(DATASET SECTION Opens)
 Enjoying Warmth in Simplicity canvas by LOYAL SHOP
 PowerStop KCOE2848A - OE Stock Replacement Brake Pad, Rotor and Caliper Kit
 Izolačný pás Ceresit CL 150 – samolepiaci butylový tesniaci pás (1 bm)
(DATASET SECTION Closes)
(WHAT IS EXPECTED):
The whole of the data above must be given again, unaltered and complete.

(EXPECTED OUTPUT):
 Enjoying Warmth in Simplicity canvas by LOYAL SHOP
 PowerStop KCOE2848A - OE Stock Replacement Brake Pad, Rotor and Caliper Kit
 Izolačný pás Ceresit CL 150 – samolepiaci butylový tesniaci pás (1 bm)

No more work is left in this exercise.